Holding the line on Russia policy is key to Russian democracy and relations

Kagan, 04 – Robert, senior associate at the Carnegie Endowment for International Peace (“Stand Up to Putin,” The Washington Post, 9/15/04, http://www.washingtonpost.com/wp-dyn/articles/A21853-2004Sep14.html)RK
In fact, it will hurt. Failure to take sides with democratic forces in Russia will cast doubt on Bush's commitment to worldwide democracy. A White House official commented to the New York Times that Putin's actions are "a domestic matter for the Russian people." Really? If so, then the same holds for all other peoples whose rights are taken away by tyrants.

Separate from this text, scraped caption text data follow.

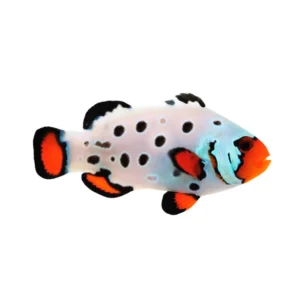 Amphiprion Ocellaris Frostbite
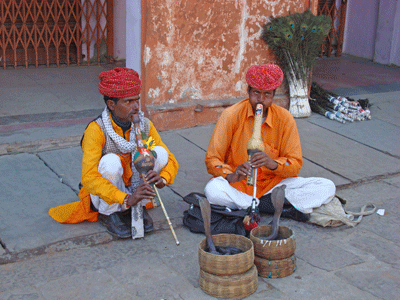 men with cobras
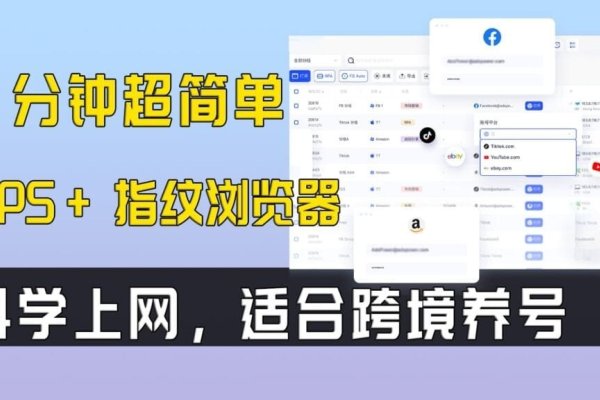 机场VPS与IP管理，如何合法、安全地切换与使用？-百挑一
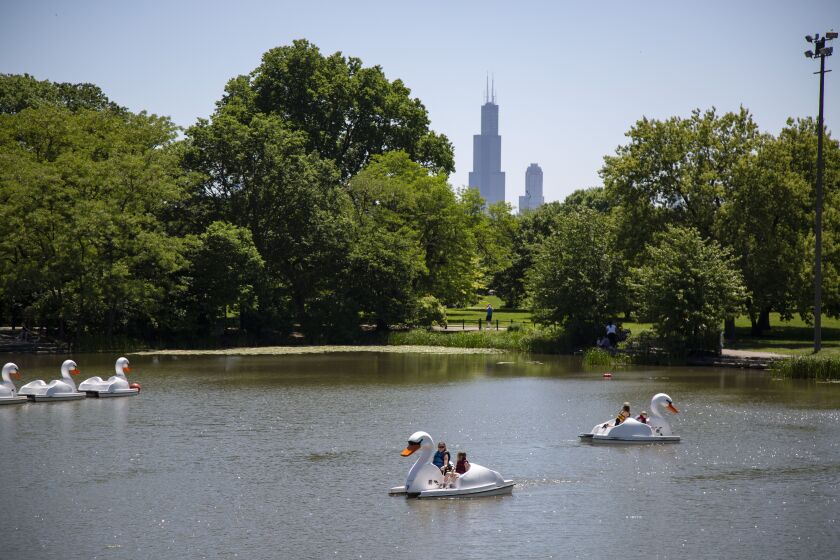 Two Families in swan boats coast along in the Humboldt Park Lagoon In Humboldt Park, Chicago, Monday June 8, 2020. According Maggie Szot, and employee at the rental station, the amount of people renting swan boats has increase steadily since Saturdays opening. The majority of those renting have been families with children. The city of Chicago has reopened parks west of Lake Shore Drive.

If the Bush administration holds to that line, then those hostile to democracy in the Middle East will point to the glaring U.S. double standard; those who favor democracy in the Middle East will be discredited. That will be a severe blow to what Bush regards as a central element of his war on terrorism. Nor should the president and his advisers doubt that vital U.S. interests are at stake in the Russian struggle. Fighting the war on terrorism should not and cannot mean relegating other elements of U.S. strategy and interests to the sidelines. A dictatorial Russia is at least as dangerous to U.S. interests as a dictatorial Iraq. If hopes for democratic reform in Russia are snuffed out, Russia's neighbors in Eastern and Central Europe will be rightly alarmed and will look to the United States for defense. And there is an even more fundamental reality that the president must face: A Russian dictatorship can never be a reliable ally of the United States. A Russian dictator will always regard the United States with suspicion, because America's very existence, its power, its global influence, its democratic example will threaten his hold on power.